Perjamuan Terakhir oleh Leonardo da Vinci: sebuah analisis karya
Patrick Gray

Perjamuan Terakhir adalah lukisan di dinding yang dibuat oleh Leonardo da Vinci antara tahun 1494 dan 1497.

Terletak di ruang makan Biara Santa Maria Delle Grazie di Milan, Italia.

Komposisi bergambar ini berukuran 4,60 x 8,80 meter dan merupakan salah satu karya paling terkenal di dunia dan salah satu yang paling terkenal dari sang seniman, serta salah satu yang paling banyak dipelajari dan ditiru dalam sejarah seni.

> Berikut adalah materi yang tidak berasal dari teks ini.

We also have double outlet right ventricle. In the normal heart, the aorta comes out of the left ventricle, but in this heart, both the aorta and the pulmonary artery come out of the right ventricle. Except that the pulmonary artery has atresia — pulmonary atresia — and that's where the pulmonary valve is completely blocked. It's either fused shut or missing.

Perjamuan Terakhir dilukis oleh Da Vinci antara tahun 1494 dan 1497

Analisis Cat

Interpretasi

Perjamuan Terakhir juga dikenal sebagai Perjamuan Kudus menggambarkan momen alkitabiah ketika Kristus berbagi makanan terakhirnya dengan para muridnya. Momen yang ditunjukkan dalam lukisan ini adalah ketika Yesus baru saja menyatakan bahwa "salah satu dari kalian akan mengkhianati Aku" dan murid-murid akan bertanya "Apakah saya, Pak?" .

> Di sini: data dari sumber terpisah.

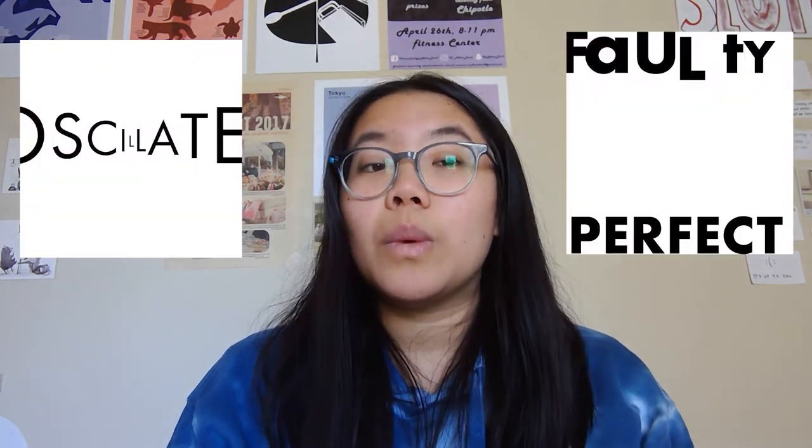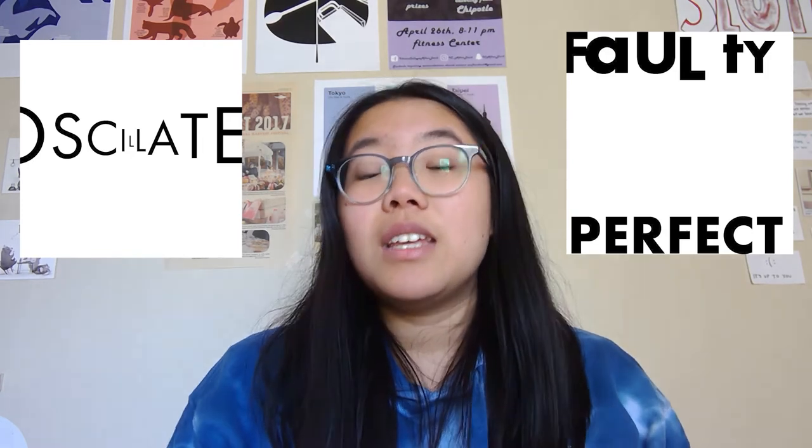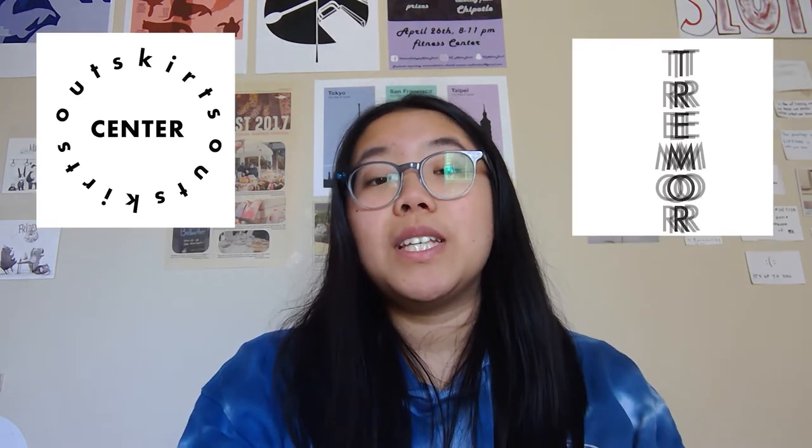A project that we're working on right now is Type as Image, so we're working with letterforms up close and creating compositions from it. These are a couple of the pieces that I did. Our current focus in general is just about typography and the basics. Another project that we just finished was Type Anatomy, working with negative and positive space. Here are a couple of the compositions that I created.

Teori ini didasarkan pada kegelisahan yang tampaknya telah menguasai para rasul yang, dengan gerak tubuh dan ekspresi yang dramatis, menunjukkan kekhawatiran dan kegelisahan .

Berbeda dengan para murid, Kristus menunjukkan sikap pasif, menegaskan dengan sikap tubuh-Nya: "Ambillah, makanlah, inilah tubuh-Ku." e "Minumlah dari padanya, kamu sekalian, sebab inilah darah-Ku" .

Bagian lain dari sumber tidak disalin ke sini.